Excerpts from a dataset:
==================================================
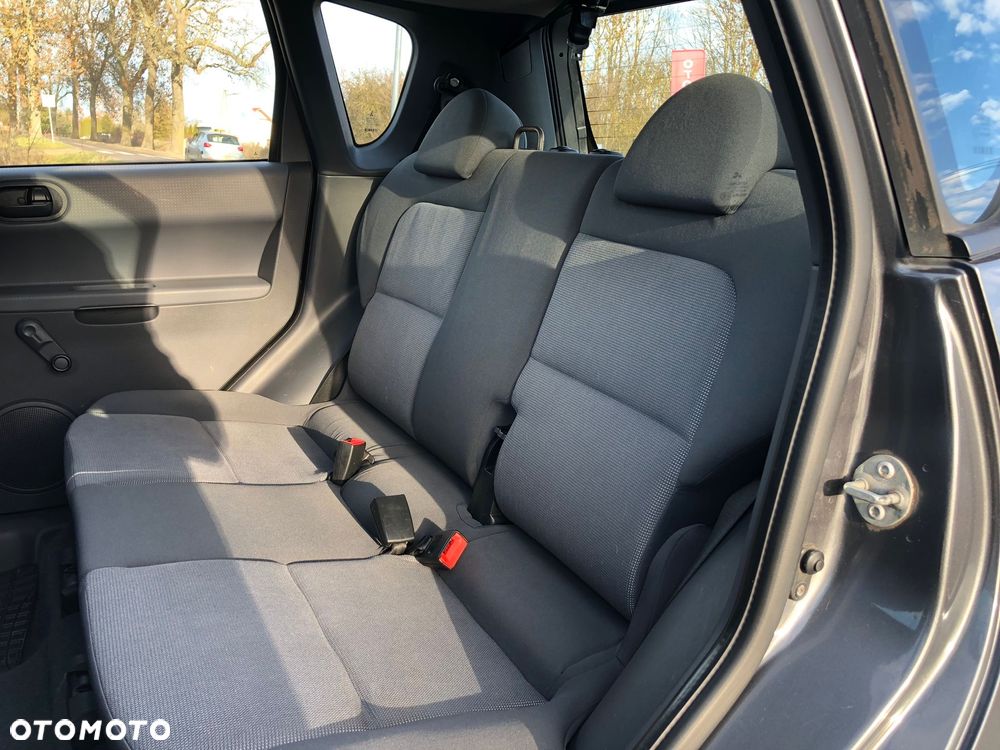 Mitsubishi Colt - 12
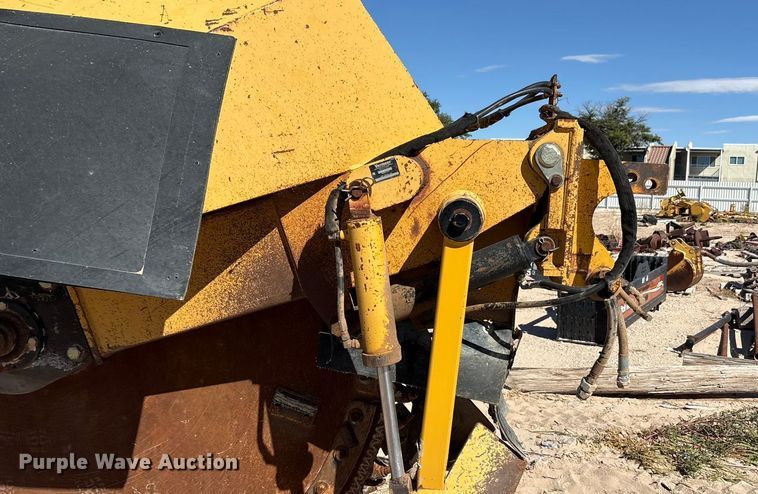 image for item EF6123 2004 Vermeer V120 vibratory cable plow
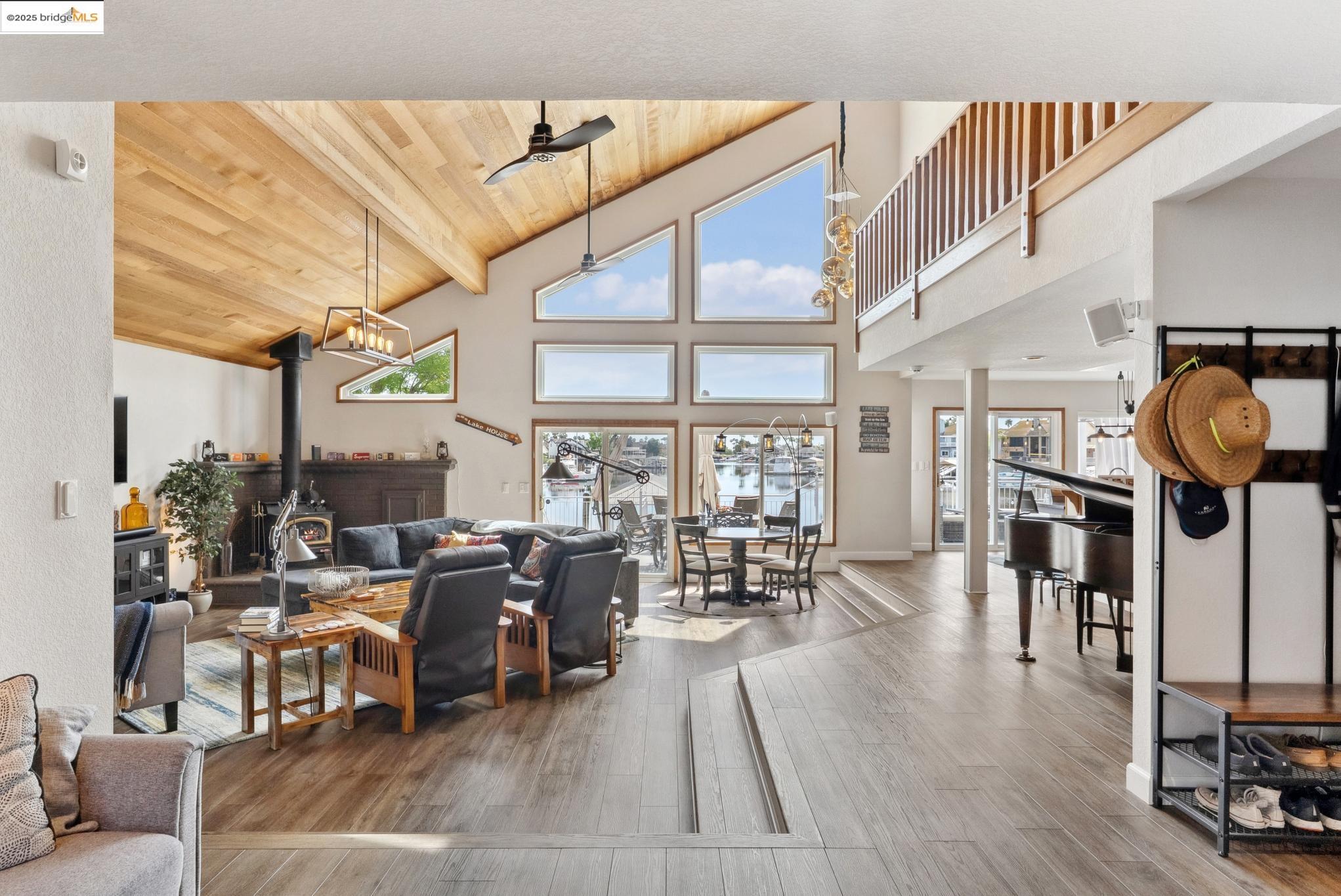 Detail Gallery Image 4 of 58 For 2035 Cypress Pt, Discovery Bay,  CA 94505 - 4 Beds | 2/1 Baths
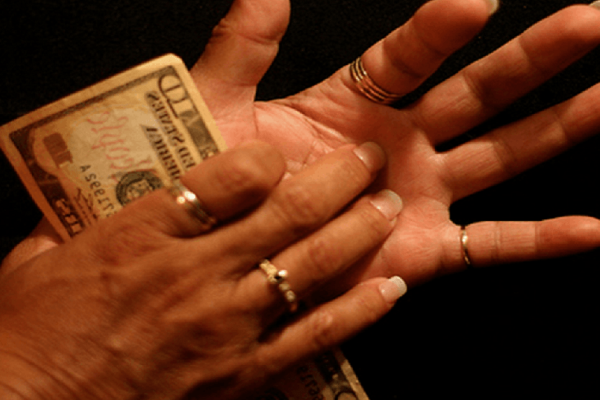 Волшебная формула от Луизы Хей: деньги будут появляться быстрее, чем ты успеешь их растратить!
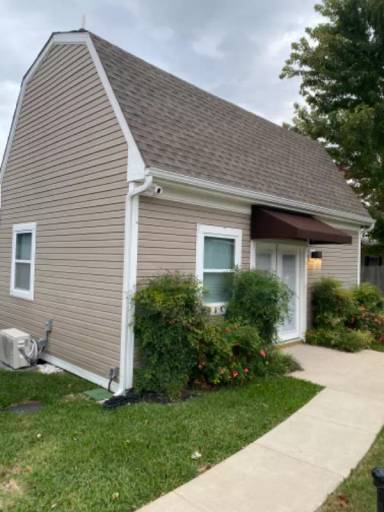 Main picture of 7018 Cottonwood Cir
==================================================
** Required action **
Nothing but the lines from the one holding "image for item" through the final line of the records above belongs in the answer, each retyped exactly; omit the pictures.

** Exercise response **
 image for item EF6123 2004 Vermeer V120 vibratory cable plow
 Detail Gallery Image 4 of 58 For 2035 Cypress Pt, Discovery Bay,  CA 94505 - 4 Beds | 2/1 Baths
 Волшебная формула от Луизы Хей: деньги будут появляться быстрее, чем ты успеешь их растратить!
 Main picture of 7018 Cottonwood Cir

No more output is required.